Exactly as they appear below, repeat the lines from the one with "Mirando Al Mar Tenerife 坎德拉里亚 外观 照片" through the one with "Stitch (Blaster) - FigPin 626", and no others.

(Records for this exercise begins)

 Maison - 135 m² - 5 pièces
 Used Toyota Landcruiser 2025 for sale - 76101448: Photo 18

(Records for this exercise ends)
(Records for this exercise begins)

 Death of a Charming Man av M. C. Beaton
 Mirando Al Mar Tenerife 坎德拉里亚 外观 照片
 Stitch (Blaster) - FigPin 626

(Records for this exercise ends)

Worked solution -
 Mirando Al Mar Tenerife 坎德拉里亚 外观 照片
 Stitch (Blaster) - FigPin 626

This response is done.